Tudo em meio a tenebrosos atos de terror. Em resposta, persistência.

Nomes de candidatos corruptos circulavam em listas, na mídia e boca-a-boca, especialmente nas regiões mais ermas e/ou de analfabetismo pronunciado. Eles ocupam hoje algumas das celas das novas prisões. Sempre em número de três.

Grandes fornecedoras de obras e serviços públicos foram convencidas a firmar de público um pacto que liquidou com velhos esquemas de corrupção e acerto prévio do resultado de concorrências. Inibiu novos. Funcionários públicos de histórico honrado foram prestigiados com homenagens e aumento de salários. Agências supra-partidárias foram encarregadas da gestão da carreira do funcionalismo público, que passou a competir em perspectivas de ascensão por mérito e resultados com as típicas do setor privado. A demissão de funcionários públicos incompetentes e não dispostos a progredir e colaborar passou a ser praticada. Empresas estatais e privadas concordaram com a criação de um fundo para desempregados, preparando os dispostos ao reingresso no mercado produtivo e suportando-os minimamente até que ele ocorresse.

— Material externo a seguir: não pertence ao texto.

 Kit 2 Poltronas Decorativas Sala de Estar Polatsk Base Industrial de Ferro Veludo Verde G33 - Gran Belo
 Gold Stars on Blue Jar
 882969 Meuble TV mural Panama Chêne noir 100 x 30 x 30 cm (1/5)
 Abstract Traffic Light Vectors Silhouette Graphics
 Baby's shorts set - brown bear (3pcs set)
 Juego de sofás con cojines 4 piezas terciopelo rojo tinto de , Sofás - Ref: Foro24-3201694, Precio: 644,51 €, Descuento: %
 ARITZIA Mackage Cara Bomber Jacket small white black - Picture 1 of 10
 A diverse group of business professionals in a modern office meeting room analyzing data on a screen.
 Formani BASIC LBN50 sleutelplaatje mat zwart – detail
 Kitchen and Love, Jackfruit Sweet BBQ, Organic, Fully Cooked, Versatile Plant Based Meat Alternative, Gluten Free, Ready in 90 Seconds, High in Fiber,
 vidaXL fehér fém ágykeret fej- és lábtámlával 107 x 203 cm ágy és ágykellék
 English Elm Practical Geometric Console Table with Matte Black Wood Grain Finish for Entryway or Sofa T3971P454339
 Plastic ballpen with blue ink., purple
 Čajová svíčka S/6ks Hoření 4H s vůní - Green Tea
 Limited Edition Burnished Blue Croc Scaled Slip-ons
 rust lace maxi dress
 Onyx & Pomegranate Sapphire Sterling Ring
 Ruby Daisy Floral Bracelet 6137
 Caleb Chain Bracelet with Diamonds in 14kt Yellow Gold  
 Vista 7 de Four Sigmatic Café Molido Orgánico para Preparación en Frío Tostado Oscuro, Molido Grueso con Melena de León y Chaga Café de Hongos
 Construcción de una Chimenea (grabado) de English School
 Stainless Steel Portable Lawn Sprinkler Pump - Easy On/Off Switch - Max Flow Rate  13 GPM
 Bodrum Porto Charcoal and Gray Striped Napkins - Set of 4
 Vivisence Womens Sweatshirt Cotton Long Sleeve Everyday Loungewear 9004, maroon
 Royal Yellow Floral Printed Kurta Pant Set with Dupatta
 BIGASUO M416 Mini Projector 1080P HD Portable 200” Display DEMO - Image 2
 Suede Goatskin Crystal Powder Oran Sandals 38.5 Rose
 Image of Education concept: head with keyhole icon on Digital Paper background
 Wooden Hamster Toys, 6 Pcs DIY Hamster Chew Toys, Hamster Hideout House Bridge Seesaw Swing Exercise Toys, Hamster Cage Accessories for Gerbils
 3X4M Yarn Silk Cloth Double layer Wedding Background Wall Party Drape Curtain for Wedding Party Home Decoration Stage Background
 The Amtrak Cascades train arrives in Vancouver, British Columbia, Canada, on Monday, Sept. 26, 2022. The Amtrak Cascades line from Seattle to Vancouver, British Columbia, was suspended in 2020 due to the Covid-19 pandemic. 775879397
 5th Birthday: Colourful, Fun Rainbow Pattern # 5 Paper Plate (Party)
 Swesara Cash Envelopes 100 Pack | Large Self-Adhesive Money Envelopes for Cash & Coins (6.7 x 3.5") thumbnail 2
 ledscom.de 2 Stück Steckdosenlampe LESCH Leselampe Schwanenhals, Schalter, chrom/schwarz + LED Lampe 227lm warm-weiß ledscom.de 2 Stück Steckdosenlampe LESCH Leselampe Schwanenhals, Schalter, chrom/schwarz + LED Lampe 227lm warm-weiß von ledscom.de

Para a remodelagem estrutural do país, com o poder público já devidamente ciente de suas atribuições e responsabilidades e com uma visibilidade jamais vivida de seus atos, com verbas da parcial ou integral concessão à iniciativa privada da exploração de empresas públicas por prazo determinado, regulada por agências supra-partidárias fortalecidas, além da proveniente de uma racional reforma tributária, foi implantado um amplo programa de valorização do magistério, com ênfase nos salários e no preparo. A complementação educacional a domicílio foi oferecida a famílias e pessoas de baixa renda e/ou sem acesso a expressões artístico-culturais. Banidos foram os exames de avaliação de cursos por meio das provas a que se submetiam seus alunos e ex-alunos. As cotas para minorias foram substituídas por cursos de preparação para o vestibular para os estudantes em escolas públicas, até que estas atingissem o devido grau de competitividade com as particulares.

A verdadeira droga foi finalmente banida: a ignorância.

Antes era só o começo. Antes era 2006.